すべての模擬授業が終わり、最後に東北学院大学の稲垣忠 教授による基調講演が行われました。タイトルは「情報時代の学校をつくる6つのアイデア」です。
EdTechとは?
稲垣先生は、今回の「公開EdTech研修会」というイベントのタイトルにも入っている、「EdTech」という言葉について、「学習者主体のテクノロジー活用」だという説明を行いました。これまでも学校ではいろいろなテクノロジーが活用されてきました。例えば、幻灯機やOHPがそうです。しかし、これらは教師主体のテクノロジー活用でした。それに対して、EdTechは、「学習者主体のテクノロジー活用」であるというのがポイントです。
また、EdTech業界には、ベンチャー企業も含めて、新しい企業が入ってくるようになってきています。これも、これまでと違う点だと言えます。また、ターゲットが学校だけではなく、学習塾、通信教育、ホームスクーリングでも使えるようになっています。
未来の学校はどんなものか?
ここで、政府が作ったSociety5.0の動画をみんなで見ました。稲垣先生は、「この動画の中で、Society 5.0に生きる高校生が学校へ行く様子が出てきます。この子たちが行く学校は、どんな学校だと思いますか?それを考えてみてください」と言いました。
https://www.gov-online.go.jp/cam/s5/www.gov-online.go.jp
このあと、Mentimeterというサイトを使って、会場のみなさんからの「こういう学校だと思う」というコメントを集約して話し合いました。こうして意見を集約することで、他の人の意見をたくさん見ることができるのも、学習者主体のひとつの形だと思います。
www.mentimeter.com
さまざまなコメントが出ていましたが、授業がどう変わるのか、という部分については、「授業でどうICTを活用するか?」と「子どもの学びをEdTechがどう豊かにするか?」ということに、あとは何があれば「情報社会にふさわしい学校になるのか?」ということを考える必要があります。
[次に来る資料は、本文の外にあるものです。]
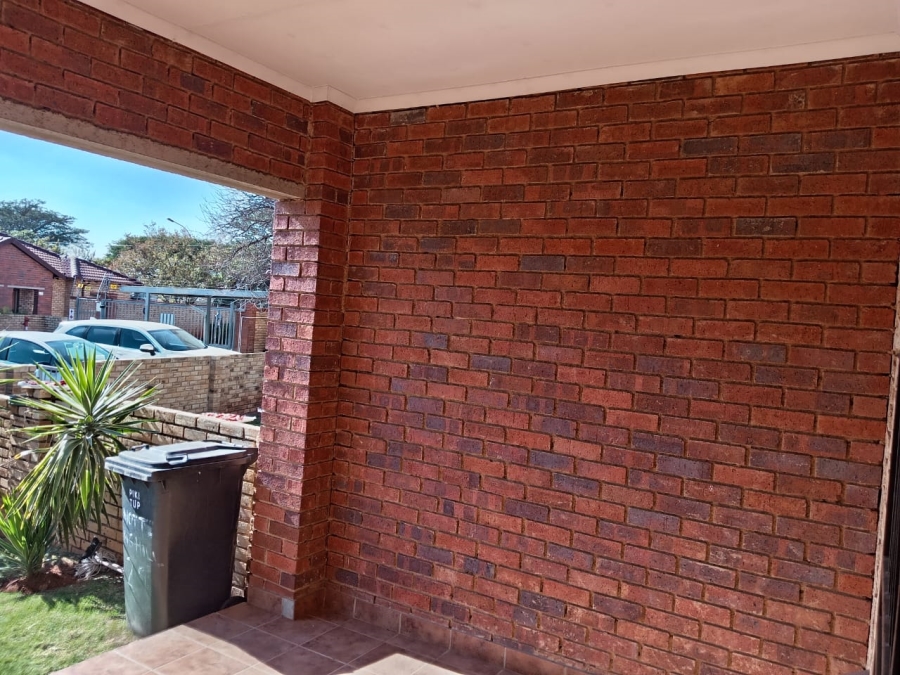 2 Bedroom Property for Sale in Florida Glen Gauteng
文部科学省が目指す次世代の学校・教育現場の姿も、「新時代の学びを支える先端技術活用推進方策」として2019年6月に出されました。このなかでは、学びの個別最適化や遠隔教育、先生が授業をするときの指導案をレコメンドしてくれる、というような将来像も描かれています。
EdTech(=テクノロジーの発展)は、かつてできなかったことを可能にしていると稲垣先生は言います。教材/授業を、「一人ひとりに合わせたものを…」と考えるのは当然だし、そうした理論は1950年代からあったのです。それが、アダプティブ・ラーニング(適応学習)として現実になりました。テクノロジーが可能にしたのです。
今日の模擬授業の中では、やるKeyを解くときは、みんな黙々と問題を解いていました。でも、これならば学校にいる時間に、みんなで揃ってやるのはもったいないのではないか、と考えて、反転学習など新しいスタイルも生まれてきます。
同じく模擬授業でやった、スクールタクトも、「授業支援ツールなのに、データは学習履歴としてクラウドに残っている。授業支援ツールなのに、ポートフォリオにもなっている」と稲垣先生は言います。こうした形は、子どもにとっても、先生方にとっても良いものです。
稲垣先生の訳した『情報時代の学校をデザインする』の本の中でも、さまざまな学校が紹介されています。学校の規模をもっと小さくして、先生10人くらいでクラスターを作れば、学年ごとに分ける必要もなくなるのではないのかというアイデアも紹介されています。本で紹介しているもの以外にも興味深い学校はたくさんあります。例えば、教師をLED(Learning Experience Designer、学習体験デザイナー)と呼ぶ学校として、Design39Campusは校舎も斬新です。
こうして、情報時代に入り、テクノロジーが発達し、新しい形の学校が可能になってきています。その一方で、地域の学習拠点として、みんなが学ぶ従来の学校の形にも価値はあるので、どの部分をテクノロジーでアップデートし、どの部分を残していくのか、ということを考えていく必要があるのではないかと基調講演を聴きながら思いました。
稲垣先生は、講演を「情報化と人口減少という変化は、学校は受け止めざるを得ない」としながらも、「そのなかで、身につけなければならない力、例えば、読み書き能力はこれからも大事でありつづけるけれど、それをどう活かすか?という資質・能力の視点から捉え直していくことになる。そのため、学び方は一斉指導から、テクノロジーを用いた個に最適化された学びと、地域や実社会とつながるプロジェクト型の学びの組み合わせへと変わり、制度・枠組みも変わりつつある」とまとめました。
地域の人たちも含めて、新しい学校の姿を考えるいいきっかけになったのではないかと思いました。